- _Work order_
Could you retype all of the entries exactly, without their pictures?

- _Entries provided_
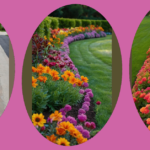 Sunny Days Ahead: Transform Your Fence Line with 15 Full Sun Landscaping Ideas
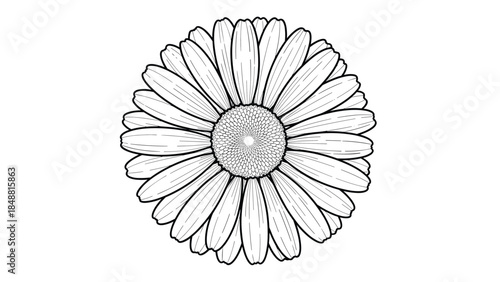Detailed black and white line art illustration of a daisy or chamomile flower head, viewed from above, on a clean white background.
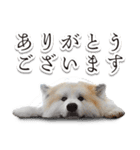 秋田犬どん兵衛くん vol.2（個別スタンプ：1）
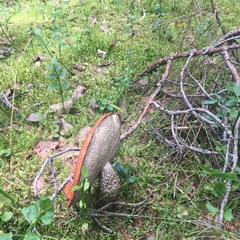 База отдыха Эко Хат, Лахденпохский район, Республика Карелия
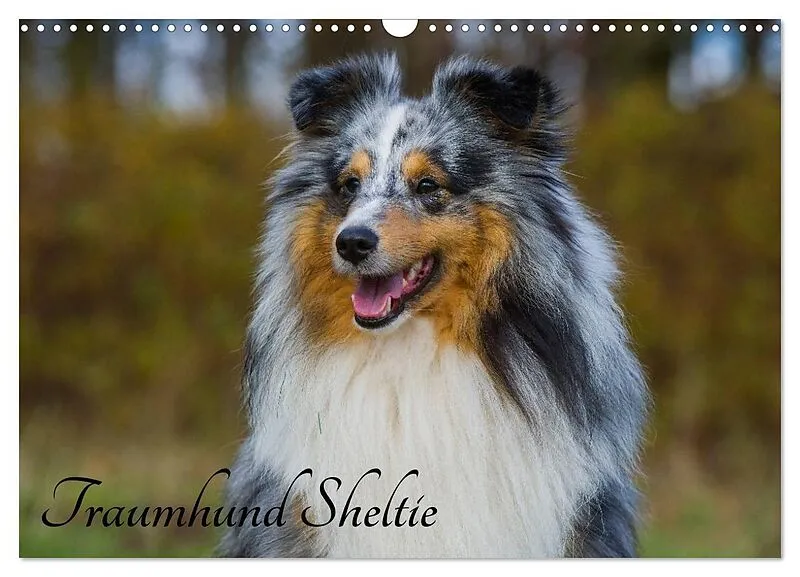 Traumhund Sheltie (Wandkalender 2026 DIN A3 quer), CALVENDO Monatskalender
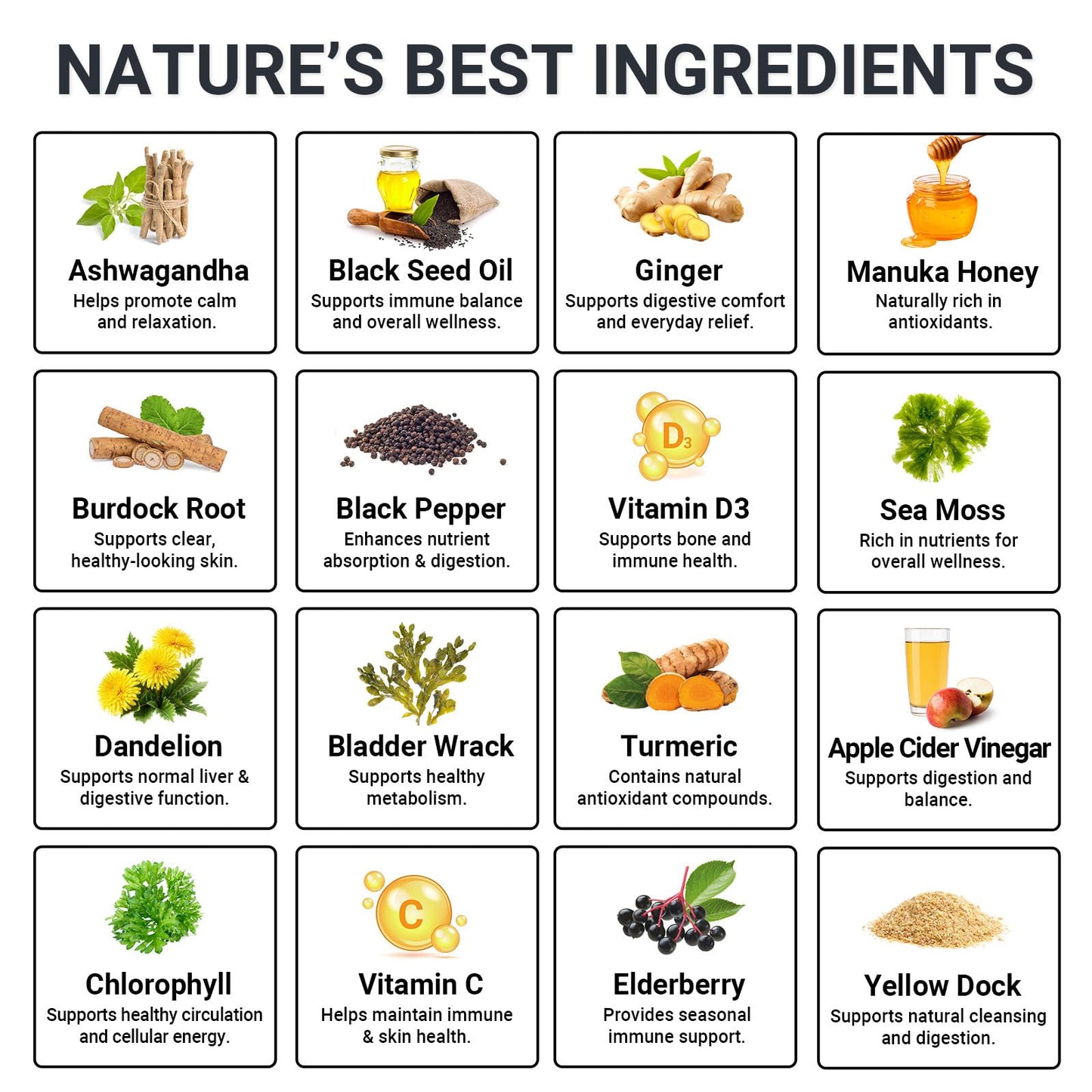 Sea Moss Gummies 16-in-1 - Ashwagandha Black Seed Oil Bladder Wrack Turmeric Vitamin C & D3 with Manuka Burdock Root Dandelion Yellow Dock Natural Detox & Liver Health Immune Support, Energy Boost GRGTPBuy Supplements Australia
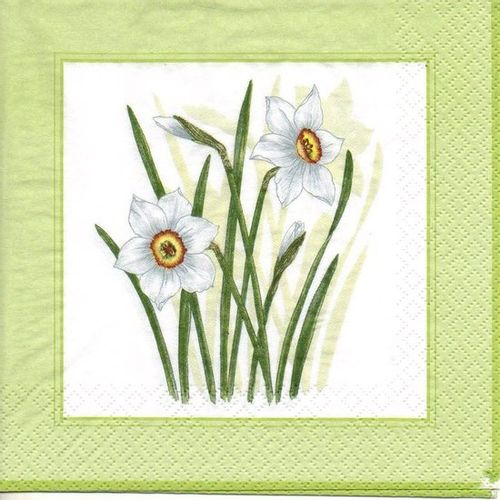 Servilleta para Decoupage - S163 (210813)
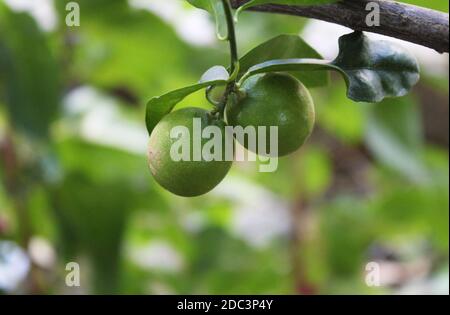 Fresh and juicy green lemon hanging from a tree branch close-up Stock Photo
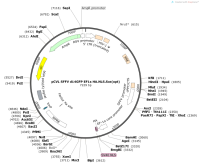 pCVLSFFVd14GFPEF1sHA.NLS.Sce-opt-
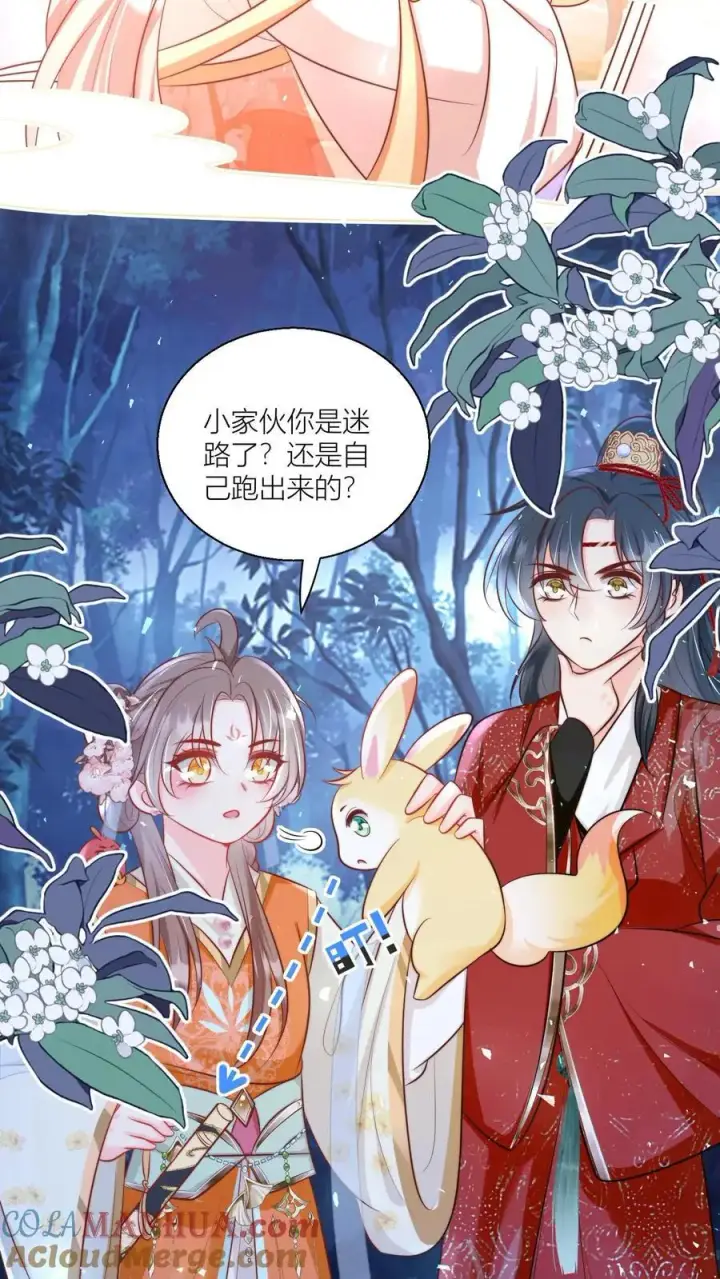 漫画《小师妹明明超强却过分沙雕》第75话 我才不要云鹊的二手货第21张图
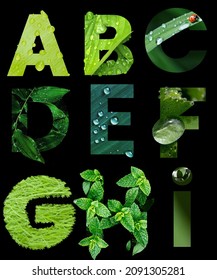 nature green image based alphabet design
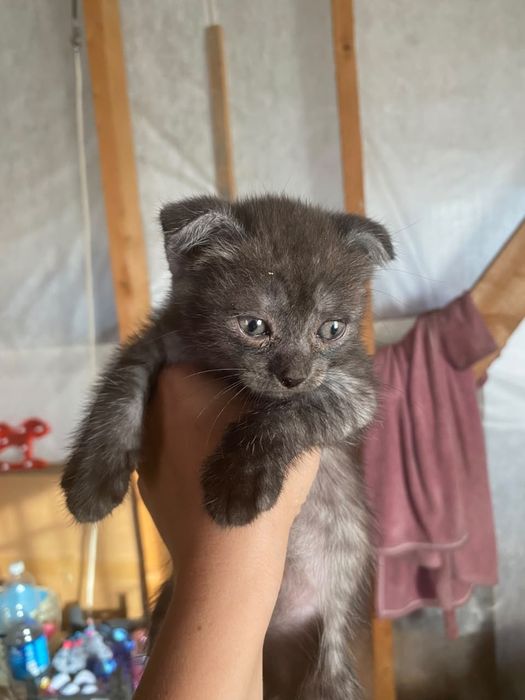 Котята британского голубого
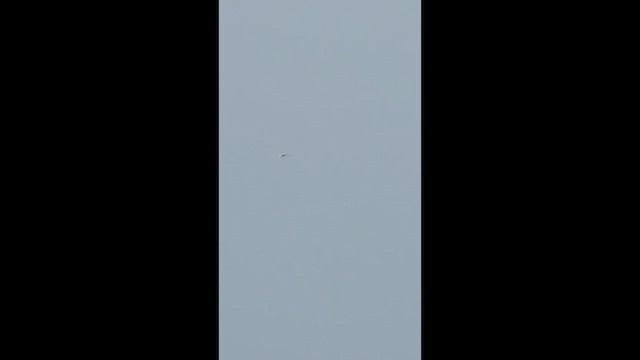 シロアジサシ - ML635478644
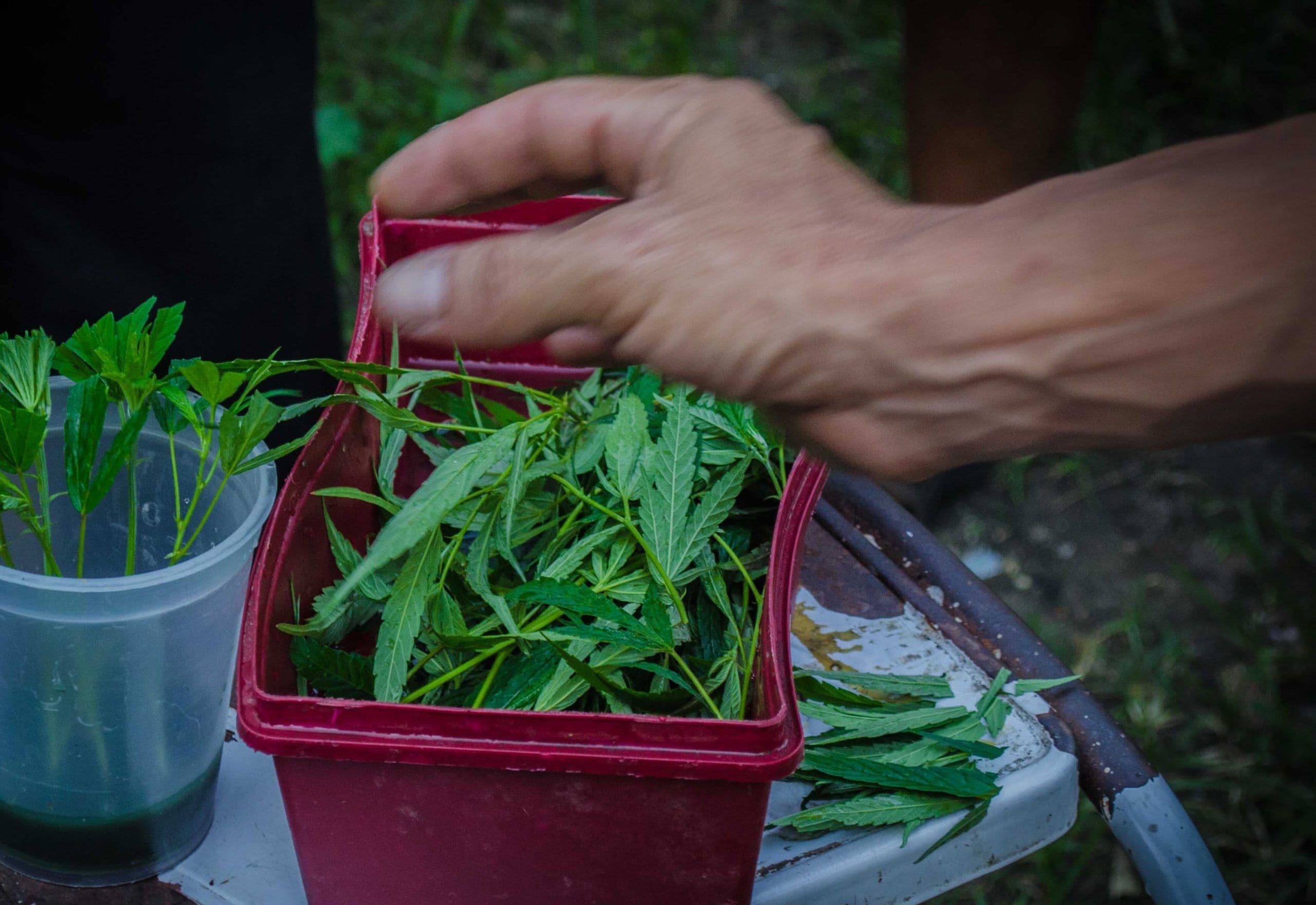 Congresso do Paraguai legaliza plantio de maconha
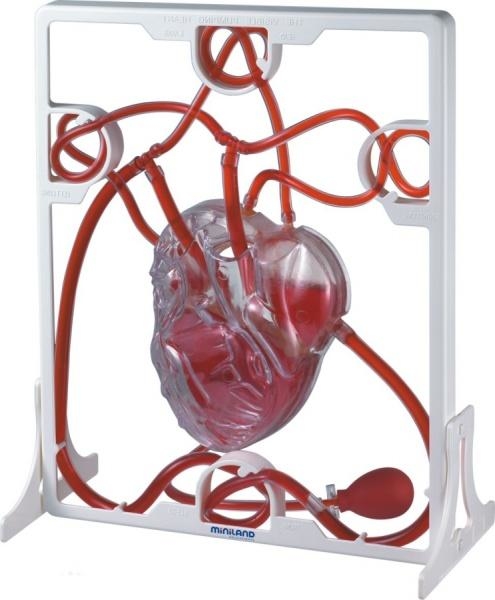 Конструктор анатомічний Miniland Пульсуюче серце людини (99048) - Pampik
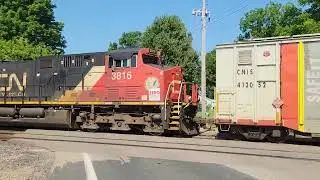 CN 2875, 3816 Westbound intermodal container in well car freight train at Vicksburg MI 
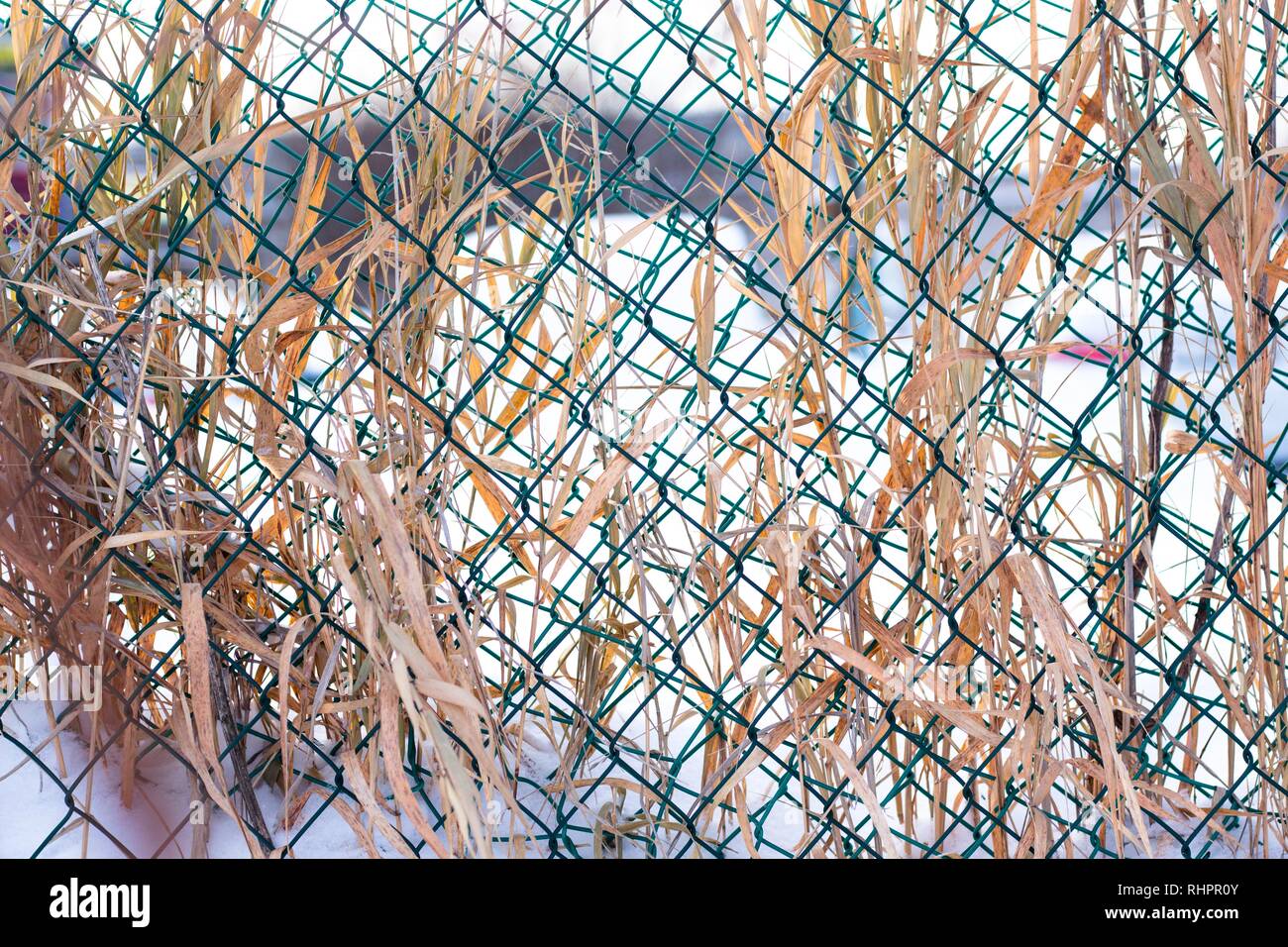 In einem Metallgitter des grünen Schatten unter weißen Schnee Blätter eine grassartige Pflanze waren verwickelt. In den kalten schneereichen Winter, die Ohren und Blätter von Gras nehmen auf Stockfoto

- _Solution for this exercise_
 Sunny Days Ahead: Transform Your Fence Line with 15 Full Sun Landscaping Ideas
Detailed black and white line art illustration of a daisy or chamomile flower head, viewed from above, on a clean white background.
 秋田犬どん兵衛くん vol.2（個別スタンプ：1）
 База отдыха Эко Хат, Лахденпохский район, Республика Карелия
 Traumhund Sheltie (Wandkalender 2026 DIN A3 quer), CALVENDO Monatskalender
 Sea Moss Gummies 16-in-1 - Ashwagandha Black Seed Oil Bladder Wrack Turmeric Vitamin C & D3 with Manuka Burdock Root Dandelion Yellow Dock Natural Detox & Liver Health Immune Support, Energy Boost GRGTPBuy Supplements Australia
 Servilleta para Decoupage - S163 (210813)
 Fresh and juicy green lemon hanging from a tree branch close-up Stock Photo
 pCVLSFFVd14GFPEF1sHA.NLS.Sce-opt-
 漫画《小师妹明明超强却过分沙雕》第75话 我才不要云鹊的二手货第21张图
 nature green image based alphabet design
 Котята британского голубого
 シロアジサシ - ML635478644
 Congresso do Paraguai legaliza plantio de maconha
 Конструктор анатомічний Miniland Пульсуюче серце людини (99048) - Pampik
 CN 2875, 3816 Westbound intermodal container in well car freight train at Vicksburg MI 
 In einem Metallgitter des grünen Schatten unter weißen Schnee Blätter eine grassartige Pflanze waren verwickelt. In den kalten schneereichen Winter, die Ohren und Blätter von Gras nehmen auf Stockfoto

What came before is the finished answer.